Schon jetzt steht fest: Der 7. Oktober 2023 wird als ein finsteres, verstörendes, sehr trauriges Datum in die Geschichte des Staates Israel eingehen. Viele Israelis sprechen bereits von „unserem 11. September“. Der groß angelegte, brutale Terrorangriff von palästinensischen Hamas-Kämpfern aus dem Gazastreifen am frühen Samstagmorgen zeigt eine neue Qualität der Gewalt: Bis Montagnachmittag kamen im Süden Israels mehr als 800 Menschen ums Leben, Tausende wurden verletzt, mindestens einhundert Israelis wurden als Geiseln verschleppt.

Nie zuvor in seiner 75-jährigen – durchaus konfliktreichen – Geschichte musste der Staat Israel innerhalb weniger Stunden derart viele zivile Opfer beklagen. Seit dem Holocaust wurden nie so viele Juden an einem einzigen Tag ermordet.

Und während die radikalislamische Hamas in offiziellen Statements von einem „offenen Kampf zur Verteidigung unseres Volkes und der Al-Aksa-Moschee“ auf dem Jerusalemer Tempelberg spricht, stürmten die Terroristen aus Gaza in den nah gelegenen israelischen Orten und Kibbuzim von Haus zu Haus und mordeten wahllos: Frauen, Kinder, Alte und andere Wehrlose. Nur weil sie Israelis waren.

Beispiellos ist das Massaker, das die Terroristen auf einem Festivalgelände anrichteten: Vor allem junge Menschen wollten einfach nur friedlich feiern und Musik erleben – binnen kürzester Zeit wurden 260 von ihnen regelrecht hingerichtet, andere entführt oder vergewaltigt.      

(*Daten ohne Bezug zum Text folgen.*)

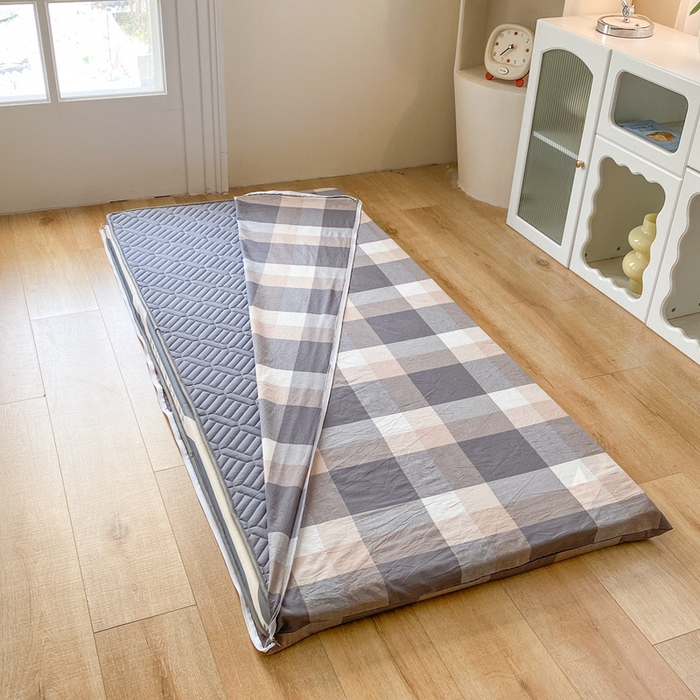 91家纺网 家纺一手货源 找家纺 凌云家纺 2025新款A类全棉水洗棉床垫套 咖大格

Erinnerungen an den Jom-Kippur-Krieg werden wach

Zugleich lässt sich bei dem Hamas-Großangriff auf Israel ein historisches Muster mit großer Symbolkraft erkennen: Es dürfte kein Zufall sein, dass die Attacke fast auf den Tag genau am Jahrestag des Ausbruchs des Jom-Kippur-Kriegs erfolgte. Am 6. Oktober 1973 wurde Israel zeitgleich im Südwesten von ägyptischen Truppen und im Nordosten von syrischen Soldaten angegriffen – die seit dem Sechstagekrieg 1967 als legendär geltende israelische Armee wurde damals völlig überrumpelt.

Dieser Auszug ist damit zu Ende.